Some of the fires are feeding off fallen trees, branches, and other forms of wood debris left over from Hurricane Helene, which slammed into the coast of Florida as a Category 4 storm in September 2024. Georgia officials have said the storm turned the state’s southern forests into a “tinderbox.”

“The way Helene just threw everything down like matchsticks, there’s only so much you can do short of bulldozing everything,” Seth Hawkins, a Georgia Forestry Commission spokesperson, told local news outlet The Current. “There are big pockets of woods out there where people don’t walk around too much. So it just kind of gets left there.”

Interconnected extremes

This situation illustrates how weather extremes driven by climate change can compound each other. Global warming is worsening hurricane impacts by increasing their intensity and decreasing the speed at which they travel. That means catastrophic storms like Hurricane Helene are more likely to make landfall in the Southeast and generate massive amounts of debris.

At the same time, climate change is exacerbating drought conditions. Many parts of the Southeast have seen an increase in the average number of days with a maximum temperature greater than 95 degrees Fahrenheit (35 degrees Celsius). This is causing the landscape—and wood debris leftover from hurricanes—to dry out faster and stay dry longer.

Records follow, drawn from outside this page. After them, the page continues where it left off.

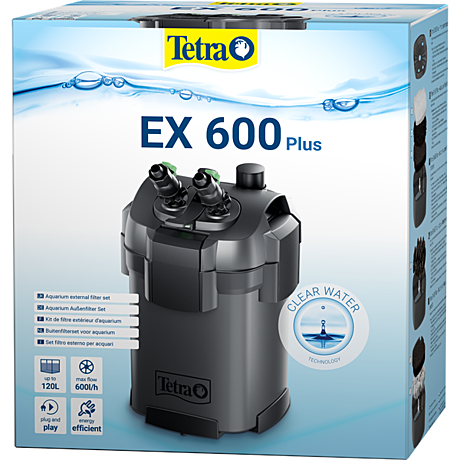 Tetra ЕХ600 PLUS Внешний фильтр для аквариумов до 120л 600л/ч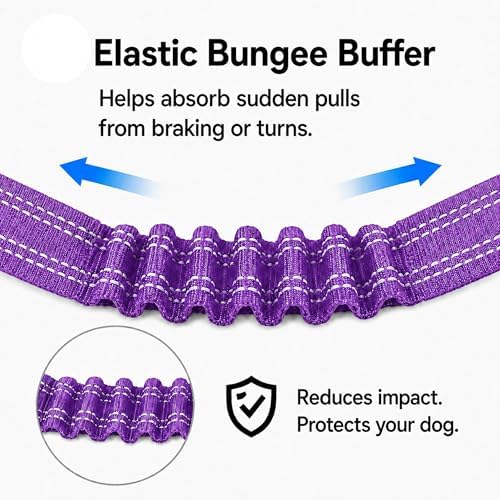 Dog Seat Belt 2Pcs, Retractable Pet Car Harness, Adjustable Dog Seat Belts - Image 5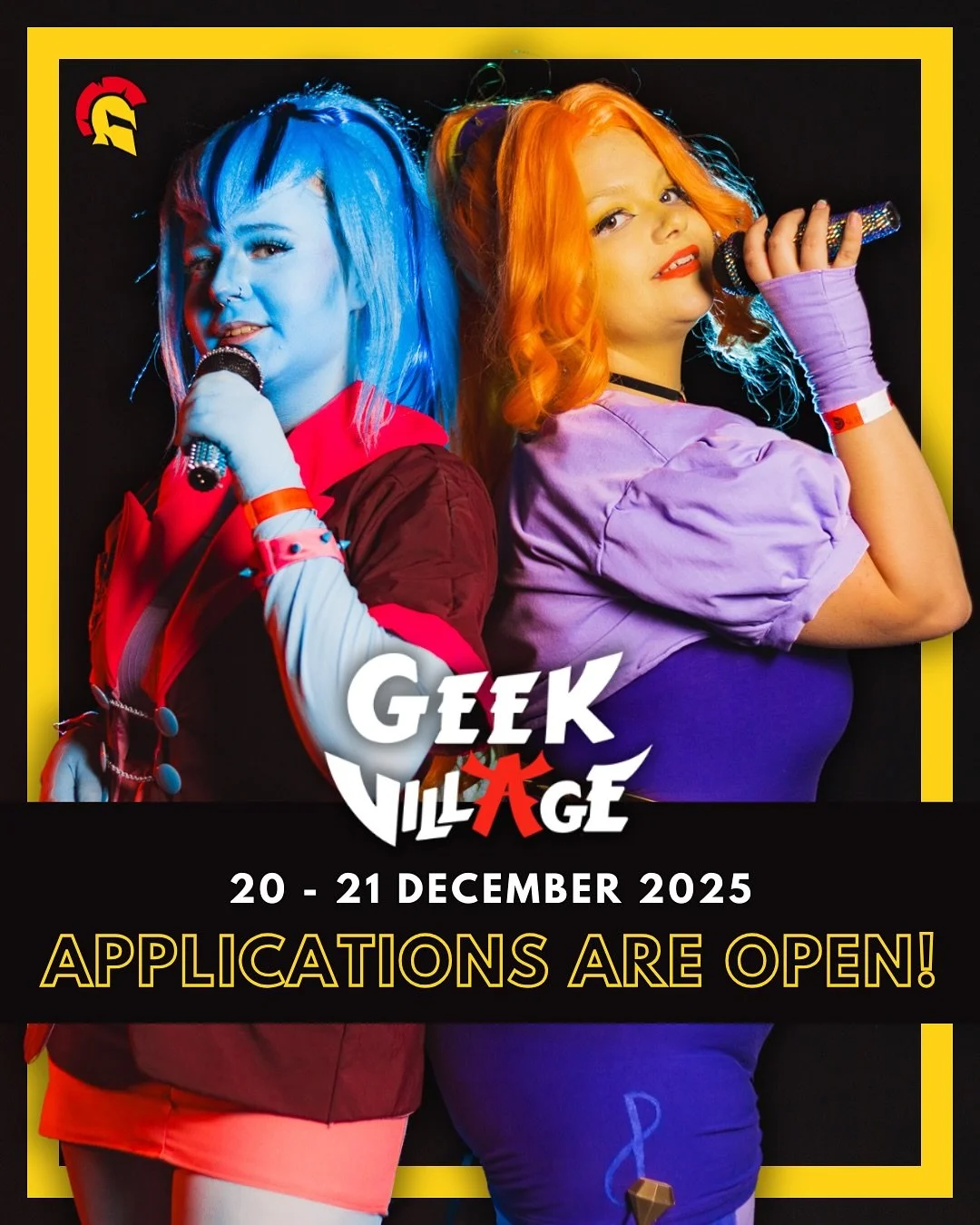 📣 APPLICATIONS ARE OPEN 📣

The moment you&rsquo;ve been waiting for is HERE! Applications are NOW OPEN for Geek Village
🔥 The Cosplay &amp; Costume Contest:  Show off your craftsmanship and/or performance skills!
🌍 NCC Qualifiers: Your chance to 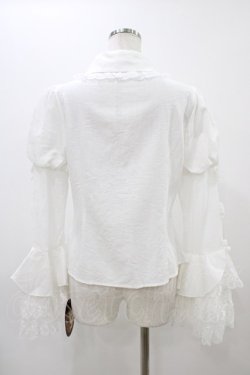 画像2: To Alice / リボンデコフレア袖ブラウス M オフ H-25-11-20-1051-LO-BL-NS-ZH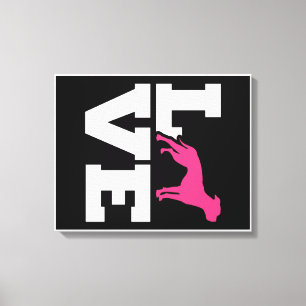 LOVE American Bulldog Gift   Dog Lovers Gift Canvas Print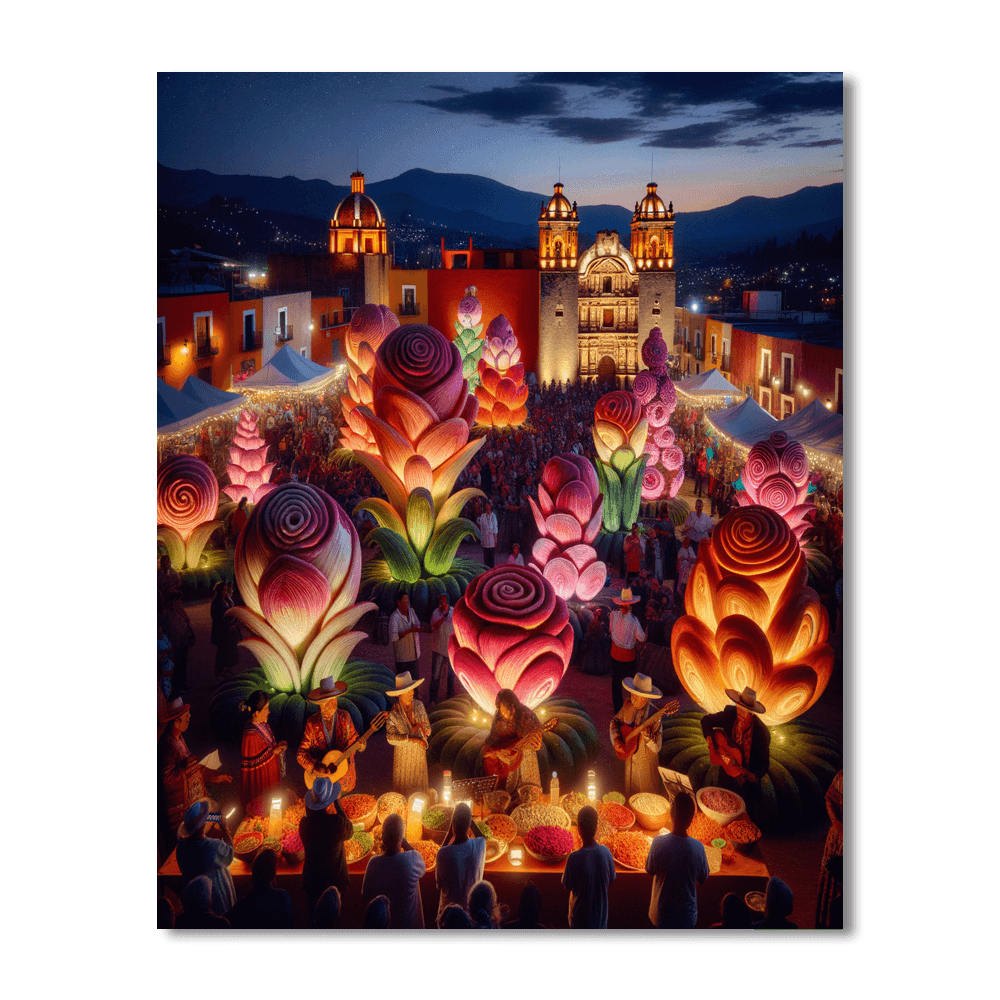 Noche De Los Rabanos - Mexico Painting By Numbers Kit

As of April 16, a whopping 96.83% of the region was experiencing moderate to exceptional drought conditions, according to Drought.gov. It’s the largest drought the Southeast has seen in 26 years. When low relative humidity and dry fuels are present, wildfires can easily ignite. Extreme heat and gusty winds help them explode into large, fast-moving blazes, and the Southeast has had plenty of both these past few weeks.

An early, active southeastern fire season

Over the weekend, high winds fanned the flames of the “Highway 82” fire in southeastern Georgia, causing it to double in size overnight, according to Brantley County Manager Joey Cason. On Monday morning, the Georgia Forestry Commission reported that the fire spanned nearly 21,000 acres and was only 6% contained.

The Highway 82 fire is one of two major wildfires currently affecting the state, in addition to 10 new fires that ignited Sunday. The other is the Pineland Road fire, now estimated at more than 32,000 acres and 10% containment. Last week, Georgia Governor Brian Kemp declared a 30-day state of emergency in 91 of the state’s 159 counties as the fires destroyed more than 120 homes and forced evacuations.

Conditions aren’t much better in Florida, where more than 100 active blazes were tearing across a combined 15,600 acres Monday morning. Officials issued some localized evacuation orders and road closures last week, and most of the state remains under a mandatory burn ban. The entire state is experiencing some level of drought, with most of the north in “exceptional” drought, according to the U.S. Drought Monitor.

Seeing this level of fire activity in the Southeast before summer has even started is a bad sign. It’s highly unlikely that the drought will resolve before peak temperatures set in. It would take more than a foot of rain to end the region’s drought within the next two months, according to the National Oceanic and Atmospheric Administration. And the more resources firefighters use to contain these early blazes, the more strained resources will be this summer.

This is the danger of interconnected extremes: one disaster can set the stage for the next—and weaken the systems needed to confront it. As climate change compounds the hazards of storms, droughts, and wildfires, recovery will only get harder.